There is a lot of uncertainty in this estimate, and this uncertainty isn’t necessarily “symmetrical.” Estimates of different programs’ cost-effectiveness, in fact, could be colored by very different degrees of optimistic assumptions.
Despite all of the above issues, I don’t find the cost-effectiveness estimate discussed here to be meaningless or useless.
Researchers’ best guesses put the cost-effectiveness of deworming in the same ballpark as that of other high-priority interventions such as vaccines, tuberculosis treatment, etc. (I do note that many of these appear to have more robust evidence bases behind their cost-effectiveness – for example, estimated effects of large-scale government programs are sometimes available, giving an extra degree of context.)
I think it is appropriate to say that available evidence suggests that deworming can be as cost-effective as any other health intervention.
I think it is appropriate to call deworming a “best buy,” as the Poverty Action Lab does.
I do not think it is appropriate to conclude that deworming is more cost-effective than vaccinations, tuberculosis treatment, etc. I think it is especially inappropriate to conclude that deworming is several times more cost-effective than vaccinations, tuberculosis treatment, etc.

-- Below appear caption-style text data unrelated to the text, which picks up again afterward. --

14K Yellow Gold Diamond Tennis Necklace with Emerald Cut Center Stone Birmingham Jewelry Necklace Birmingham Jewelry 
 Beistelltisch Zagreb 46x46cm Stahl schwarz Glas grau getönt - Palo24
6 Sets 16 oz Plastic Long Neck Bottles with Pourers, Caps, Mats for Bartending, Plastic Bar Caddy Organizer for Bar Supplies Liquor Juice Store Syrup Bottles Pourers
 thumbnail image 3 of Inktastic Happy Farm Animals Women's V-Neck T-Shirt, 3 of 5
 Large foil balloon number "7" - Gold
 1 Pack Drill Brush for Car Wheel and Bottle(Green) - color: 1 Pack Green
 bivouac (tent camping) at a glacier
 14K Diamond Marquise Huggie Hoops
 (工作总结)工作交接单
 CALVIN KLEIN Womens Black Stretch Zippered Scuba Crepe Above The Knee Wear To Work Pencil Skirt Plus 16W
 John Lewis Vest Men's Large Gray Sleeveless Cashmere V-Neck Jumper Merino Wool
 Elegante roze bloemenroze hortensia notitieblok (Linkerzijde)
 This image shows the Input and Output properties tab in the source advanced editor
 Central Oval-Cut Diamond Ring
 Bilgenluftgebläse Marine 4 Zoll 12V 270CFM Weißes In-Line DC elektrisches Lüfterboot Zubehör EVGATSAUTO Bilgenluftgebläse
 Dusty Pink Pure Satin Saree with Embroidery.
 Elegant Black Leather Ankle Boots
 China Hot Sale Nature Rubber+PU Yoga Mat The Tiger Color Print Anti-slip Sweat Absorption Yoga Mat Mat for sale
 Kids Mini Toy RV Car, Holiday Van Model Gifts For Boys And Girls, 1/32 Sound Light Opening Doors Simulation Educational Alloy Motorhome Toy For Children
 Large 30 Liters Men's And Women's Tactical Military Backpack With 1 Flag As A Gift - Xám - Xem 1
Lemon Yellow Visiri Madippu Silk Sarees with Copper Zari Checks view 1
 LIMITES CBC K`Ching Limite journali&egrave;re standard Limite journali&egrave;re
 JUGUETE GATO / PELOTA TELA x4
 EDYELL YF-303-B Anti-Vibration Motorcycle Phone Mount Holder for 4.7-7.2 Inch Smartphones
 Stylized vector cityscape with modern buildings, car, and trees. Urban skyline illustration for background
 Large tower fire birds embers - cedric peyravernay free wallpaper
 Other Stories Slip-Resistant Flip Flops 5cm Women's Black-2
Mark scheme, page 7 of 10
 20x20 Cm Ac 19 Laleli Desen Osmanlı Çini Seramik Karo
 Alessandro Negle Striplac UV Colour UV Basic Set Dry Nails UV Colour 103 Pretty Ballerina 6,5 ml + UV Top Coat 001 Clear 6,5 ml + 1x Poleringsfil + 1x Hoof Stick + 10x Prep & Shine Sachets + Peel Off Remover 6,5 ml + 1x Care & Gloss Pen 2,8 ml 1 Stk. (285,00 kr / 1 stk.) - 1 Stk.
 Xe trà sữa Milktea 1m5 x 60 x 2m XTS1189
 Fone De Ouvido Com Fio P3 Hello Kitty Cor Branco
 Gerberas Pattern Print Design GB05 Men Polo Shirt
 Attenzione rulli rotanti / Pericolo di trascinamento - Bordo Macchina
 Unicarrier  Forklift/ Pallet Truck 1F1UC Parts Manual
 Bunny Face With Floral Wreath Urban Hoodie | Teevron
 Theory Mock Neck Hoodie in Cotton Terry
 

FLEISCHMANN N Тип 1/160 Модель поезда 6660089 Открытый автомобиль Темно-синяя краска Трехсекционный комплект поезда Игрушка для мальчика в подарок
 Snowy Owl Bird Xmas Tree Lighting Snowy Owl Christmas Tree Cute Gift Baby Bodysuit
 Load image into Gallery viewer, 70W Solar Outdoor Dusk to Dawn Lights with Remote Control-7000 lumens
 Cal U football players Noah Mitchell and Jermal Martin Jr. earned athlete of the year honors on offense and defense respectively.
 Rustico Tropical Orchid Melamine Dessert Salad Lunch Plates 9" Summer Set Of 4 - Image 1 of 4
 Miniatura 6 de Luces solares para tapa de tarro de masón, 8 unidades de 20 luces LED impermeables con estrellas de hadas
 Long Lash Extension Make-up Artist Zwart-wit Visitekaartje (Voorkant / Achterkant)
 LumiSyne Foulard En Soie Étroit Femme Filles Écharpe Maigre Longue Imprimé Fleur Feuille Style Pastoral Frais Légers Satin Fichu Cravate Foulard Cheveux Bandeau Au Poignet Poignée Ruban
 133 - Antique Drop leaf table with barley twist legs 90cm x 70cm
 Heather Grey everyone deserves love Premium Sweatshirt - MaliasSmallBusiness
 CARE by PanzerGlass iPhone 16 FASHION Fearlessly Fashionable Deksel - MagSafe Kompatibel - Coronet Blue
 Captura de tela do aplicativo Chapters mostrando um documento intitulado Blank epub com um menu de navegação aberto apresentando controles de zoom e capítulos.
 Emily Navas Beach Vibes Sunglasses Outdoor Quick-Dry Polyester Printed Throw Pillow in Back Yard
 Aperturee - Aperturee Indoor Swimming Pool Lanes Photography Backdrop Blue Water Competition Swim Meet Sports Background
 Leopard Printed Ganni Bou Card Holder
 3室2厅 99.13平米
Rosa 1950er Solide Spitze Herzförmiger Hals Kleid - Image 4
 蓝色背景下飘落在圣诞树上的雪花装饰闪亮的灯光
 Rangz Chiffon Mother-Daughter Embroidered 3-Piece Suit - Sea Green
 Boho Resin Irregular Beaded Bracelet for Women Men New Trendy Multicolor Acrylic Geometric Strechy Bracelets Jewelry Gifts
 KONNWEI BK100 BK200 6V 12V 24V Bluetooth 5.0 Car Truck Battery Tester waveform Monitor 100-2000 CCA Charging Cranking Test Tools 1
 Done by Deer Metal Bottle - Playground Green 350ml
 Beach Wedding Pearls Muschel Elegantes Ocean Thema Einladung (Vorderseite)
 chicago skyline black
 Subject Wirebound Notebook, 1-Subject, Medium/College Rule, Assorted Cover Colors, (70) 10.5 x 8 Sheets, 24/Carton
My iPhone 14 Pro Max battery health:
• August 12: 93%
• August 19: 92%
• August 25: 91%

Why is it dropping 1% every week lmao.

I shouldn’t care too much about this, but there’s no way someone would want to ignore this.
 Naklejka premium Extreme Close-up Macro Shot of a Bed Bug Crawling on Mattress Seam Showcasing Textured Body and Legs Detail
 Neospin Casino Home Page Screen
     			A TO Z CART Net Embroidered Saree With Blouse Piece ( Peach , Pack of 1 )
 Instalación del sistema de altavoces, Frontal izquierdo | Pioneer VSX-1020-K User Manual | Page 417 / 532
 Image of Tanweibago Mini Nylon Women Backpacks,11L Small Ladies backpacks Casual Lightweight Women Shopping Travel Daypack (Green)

Most of all, I do not think it is appropriate to expect results in line with this estimate just because you donate to a deworming charity. I believe cost-effectiveness estimates usually represent “what you can achieve if the program goes well” more than they represent “what a program will achieve on average.”
In my view, the greatest factor behind the realized cost-effectiveness of a program is the specifics of who carries it out and how.